Hong Kong has extradition treaties with forty-three countries but not with Taiwan. When it comes to China and Taiwan (and indeed Macau, the licensed joker of mainland Chinese communism) the Hong Kong government has found itself on the horns of a dragon, for, being a common-law system regime with an independent judiciary and a guaranteed right to uphold that system under its Basic Law, it has not been able to recognise Chinese mainland courts as independent and reliable dispensers of fair and equal justice to those appearing before them. On the other hand, now being a special administrative region within China, Hong Kong’s official policy is not to recognise Taiwan as an independent nation-state with whom one can have extradition treaties.
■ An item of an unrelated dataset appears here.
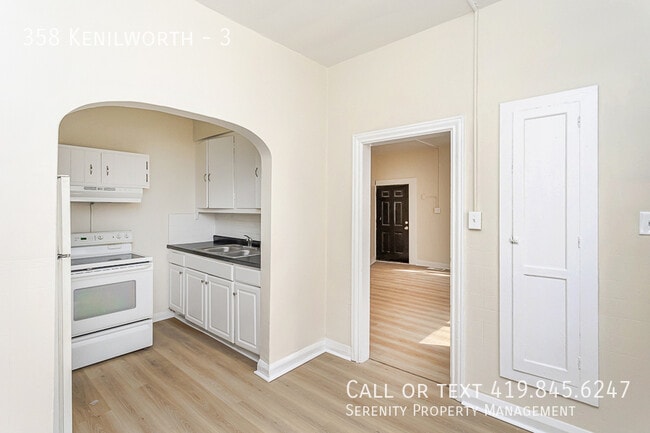 Building Photo - 358 Kenilworth Ave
Carrie Lam has attempted to meet the demands of Taiwan and Hui-wing’s family by introducing into the Legislative Council an amendment to the Fugitive Offenders Ordinance. The current position under that law is that if an extradition request is received by Hong Kong but not from one of the forty-three countries with which it has a treaty, the SAR administration has to ask itself if the request has come from the Central People’s government or a government of any other part of the People’s Republic of China (which is taken to include Taiwan). If the answer is yes, there is no extradition. If the answer is no and the crime alleged is one on a list with a possible sentence of more than one year, the extradition process can be put in place by the Legislative Council agreeing to it and passing specific legislation. This has never happened in the last twenty-one years.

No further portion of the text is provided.